▶ Task details: Your answer must be an exact retyping of the line containing "GOLIGHT GT HALOGEN" and every line after it through the end of the records below, with no pictures and nothing else.

▶ Pictures with short captions:
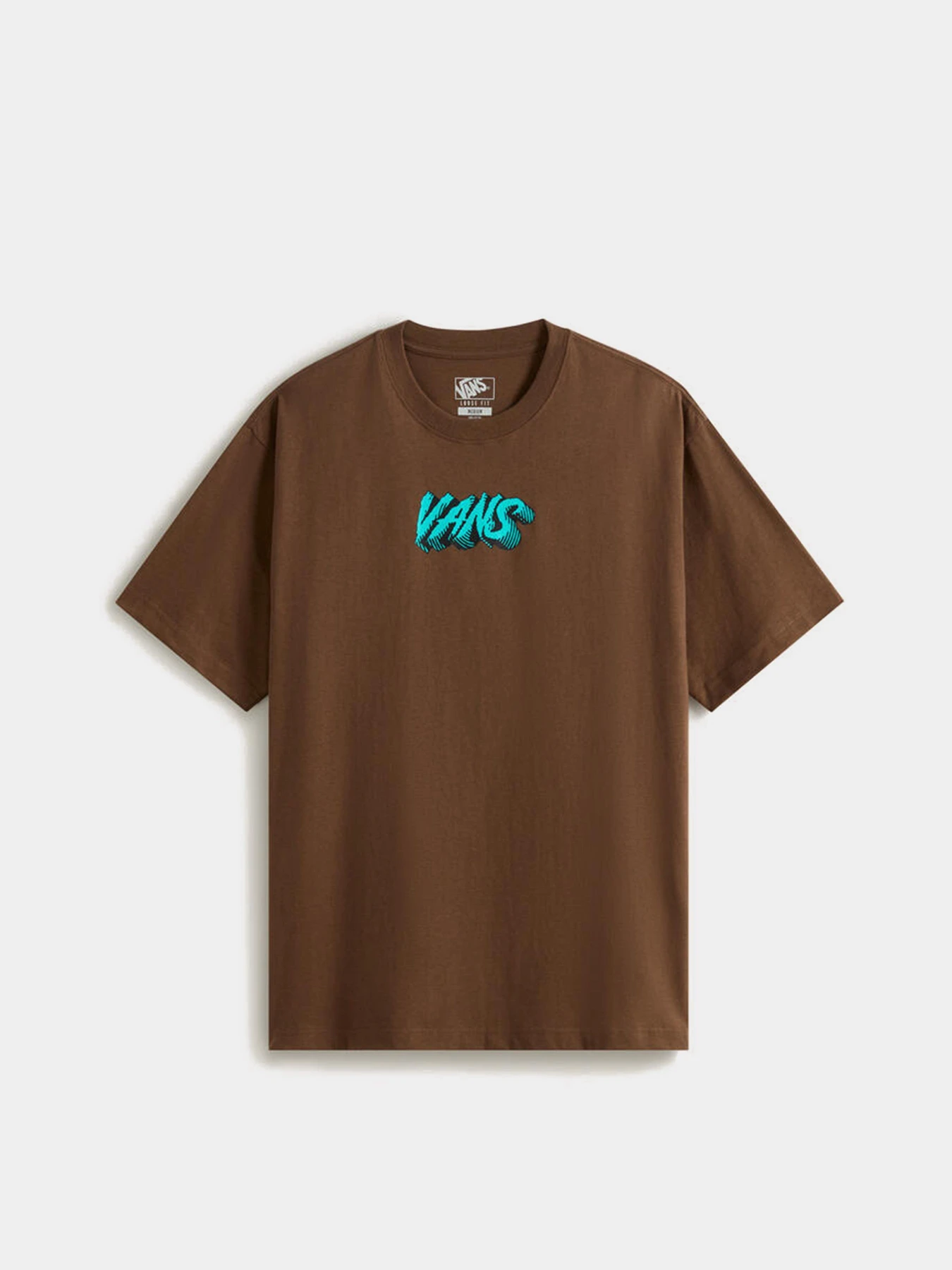 Футболки и поло Vans STONE SWIRL LOOSE SS TEE модель VN000VY1FST1 Футболки и поло Vans STONE SWIRL LOOSE SS TEE модель VN000VY1FST1 Фото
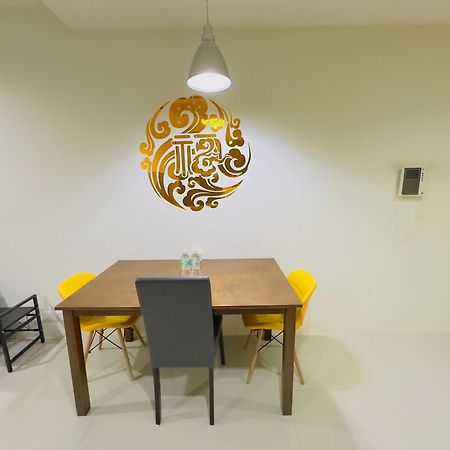 Taragon Apartment -Bukit Bintang Kuala Lumpur Buitenkant foto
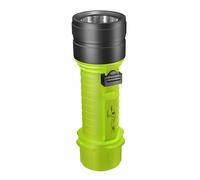 Whoasyst Professional Diving Flashlight Underwater Flashlight Dive Light Waterproof LED Torches Aluminum Alloy Texture for Diving Strong Beam Underwater Light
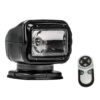 GOLIGHT GT HALOGEN SPOTLIGHT, BLACK, FIXED MOUNTING/WIRELESS REMOTE CONTROL 5 9514039245 fullhd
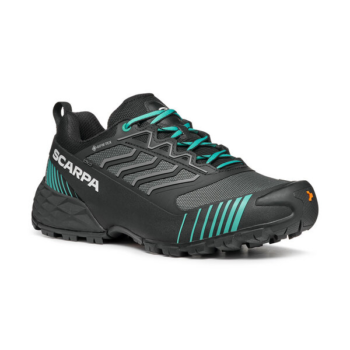 SCARPA - SCARPE DONNA RIBELLE RUN XT GTX ANTHRACITE-TURQUOISE 33082.202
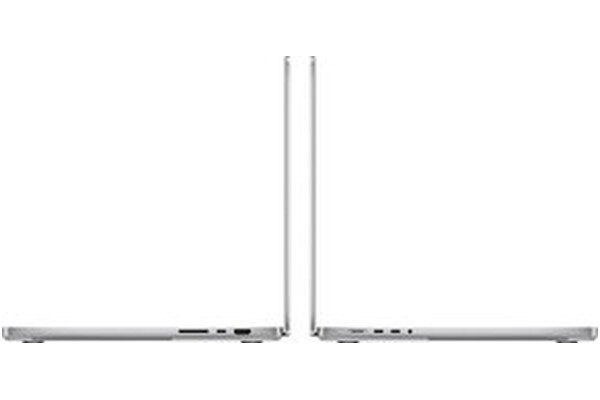 Laptop Apple MacBook Pro 16.2" Apple M3 Pro Apple M3 Pro (18 rdz.) 18GB 512GB SSD macOS Sonoma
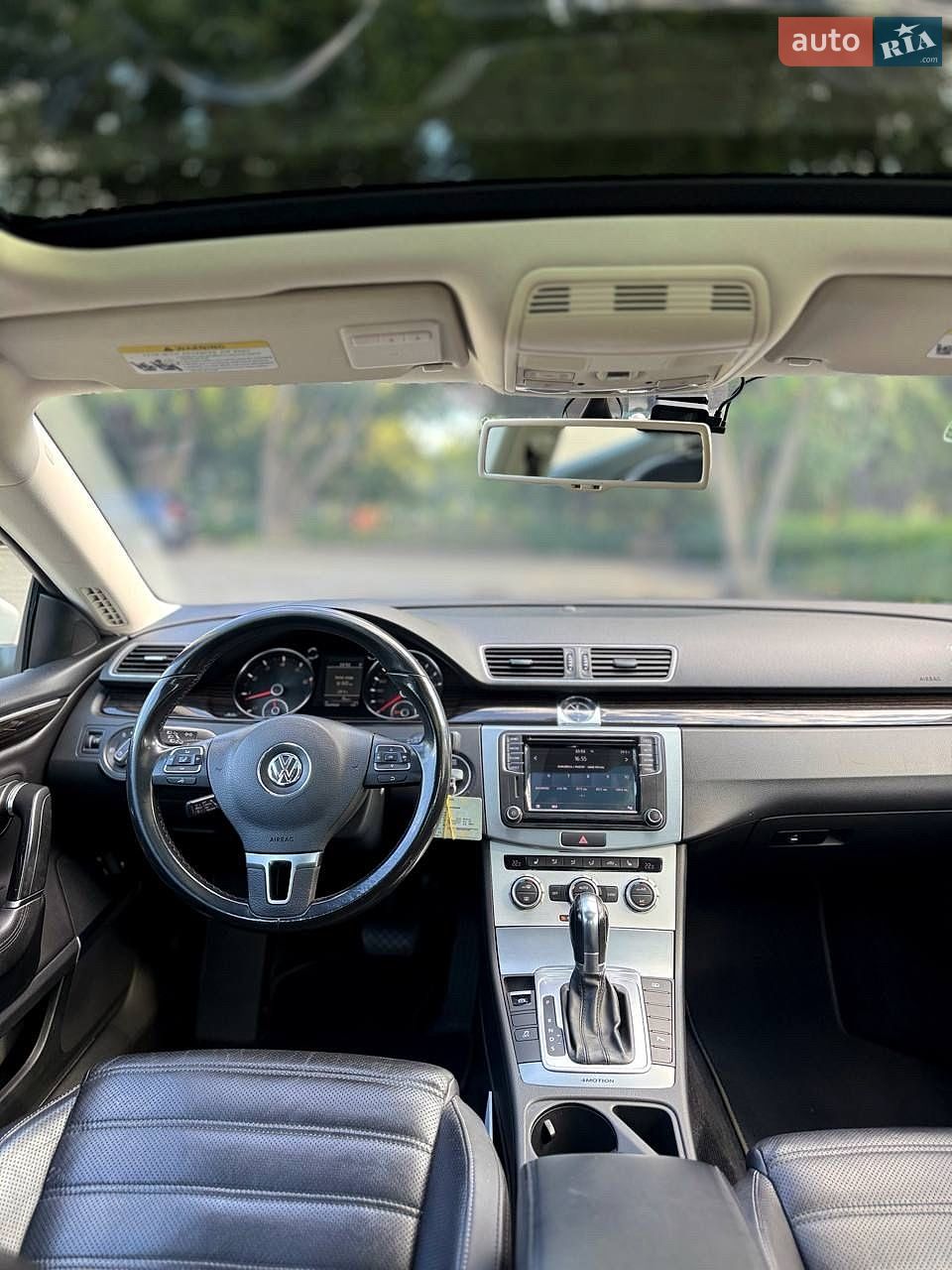 Volkswagen CC / Passat CC 2013 VIN WVWGU7AN8DE562856 фото оголошення 20 з 40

▶ Answer section:
 GOLIGHT GT HALOGEN SPOTLIGHT, BLACK, FIXED MOUNTING/WIRELESS REMOTE CONTROL 5 9514039245 fullhd
 SCARPA - SCARPE DONNA RIBELLE RUN XT GTX ANTHRACITE-TURQUOISE 33082.202
 Laptop Apple MacBook Pro 16.2" Apple M3 Pro Apple M3 Pro (18 rdz.) 18GB 512GB SSD macOS Sonoma
 Volkswagen CC / Passat CC 2013 VIN WVWGU7AN8DE562856 фото оголошення 20 з 40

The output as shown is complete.